How often should I re-index my content?
It depends on how frequently your source content changes. For mostly-static corpora, monthly re-indexing with incremental upserts for new content is common. For high-velocity content, implement event-driven upserts triggered by content publication or update events. The more important question is whether you have logging in place to detect when indexed content is stale.
When does a reranker actually help?
A reranker helps most when your first-stage retrieval is handling diverse or ambiguous queries, when the embedding model's training distribution doesn't match your domain well, or when ranking quality matters as much as coverage (e.g., when only the top 3 results are shown to the user). It adds latency (typically 50–200ms for a cross-encoder over 20 candidates), so profile the trade-off against your latency requirements before adding it unconditionally.
What should I do when retrieval quality degrades unexpectedly?
Start by checking three things in order: whether the source content changed (new documents, structural changes to existing ones), whether the query distribution shifted (are users asking different types of questions?), and whether any infrastructure component updated silently (API model versions sometimes change without notice). If all three are stable, re-run your golden test set to confirm the regression is real, then use failing examples to diagnose whether the issue is in chunking, embedding, or ranking.
Key Takeaways
- Define the retrieval task explicitly—query type, document type, relevance criteria, and constraints—before writing any code. This document drives every subsequent decision.
- Chunking strategy and metadata structure are architectural decisions, not implementation details. Get them wrong and no model upgrade fixes the problem.
- Lock your embedding model like infrastructure. Re-embedding a large corpus has real cost; evaluate candidates before committing, not after.

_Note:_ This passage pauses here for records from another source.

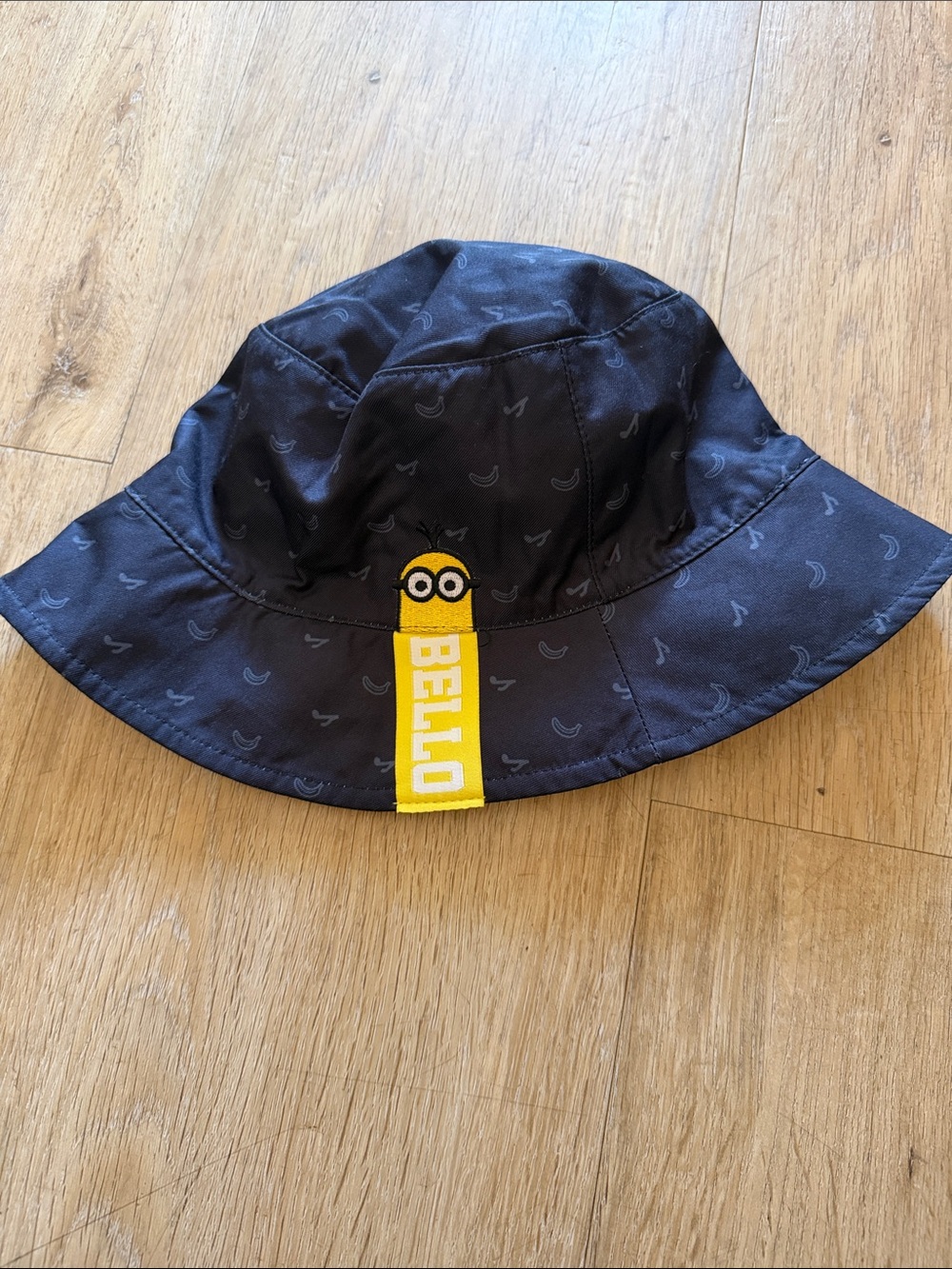 Minions Kids' Black Bucket Hat 2 side look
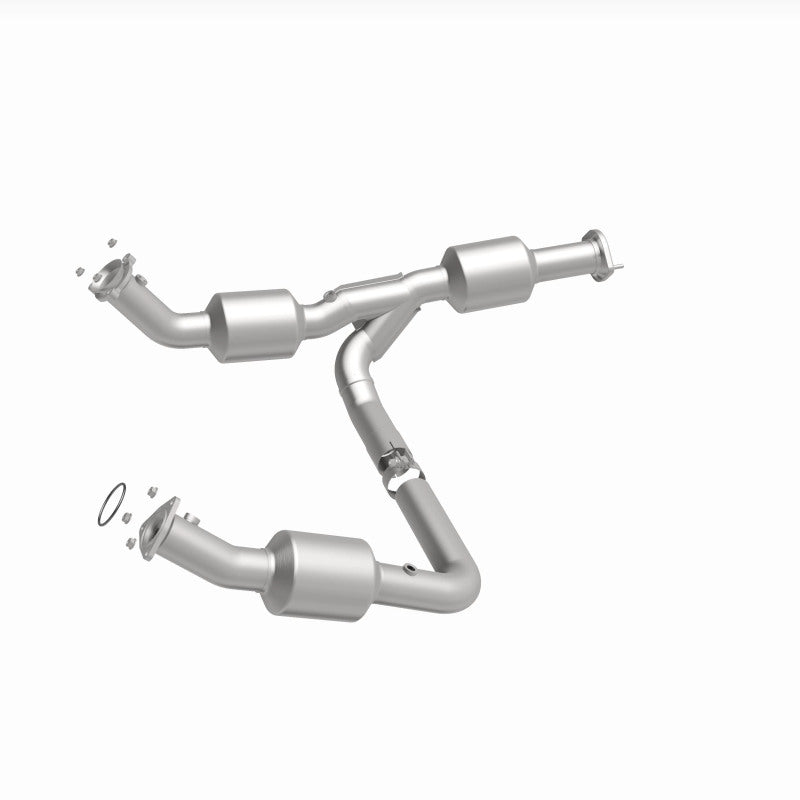 Magnaflow 18-20 Chevrolet Express 2500 Single Underbody 4.3L Direct Fit Catalytic Converter Magnaflow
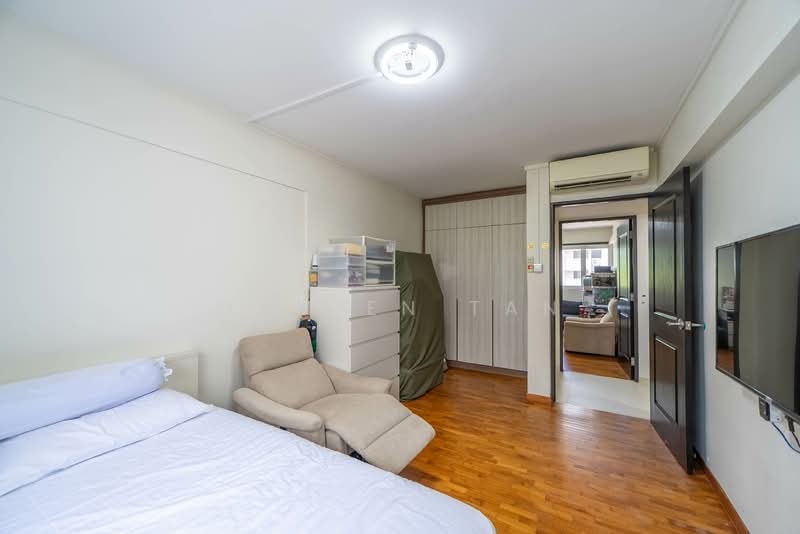 422 Bedok North Road, 422 Bedok North Road, 3 Bedrooms, 990 sqft, HDB Flat For Sale, by Damien Tan, 500140219 - Bedroom - PropertyGuru.com.sg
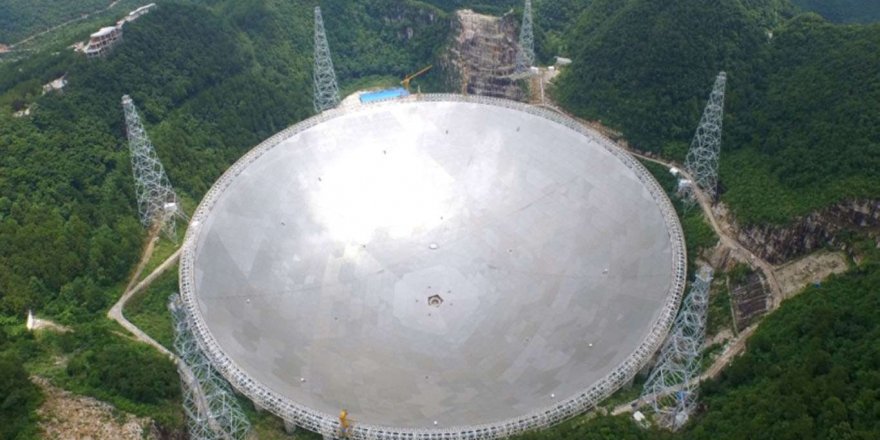 30 futbol sahası boyutundaki devasa Çin teleskobu dünya çapında gökbilimcilere açılıyor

- A golden test set with 50–200 labeled query-document pairs is the minimum viable evaluation setup. Track Recall@K as your primary metric; treat regressions as blocking.
- A reranker is often higher-leverage than a better embedding model for improving result quality in RAG and search applications.
- The workflow is only repeatable if it is documented: task definition, chunking rationale, model version, index configuration, pipeline spec, evaluation results, and a re-indexing runbook.
- Silent failures—dropped batches, stale indexes, model version changes—are the most common production hazard. Instrument and log every stage.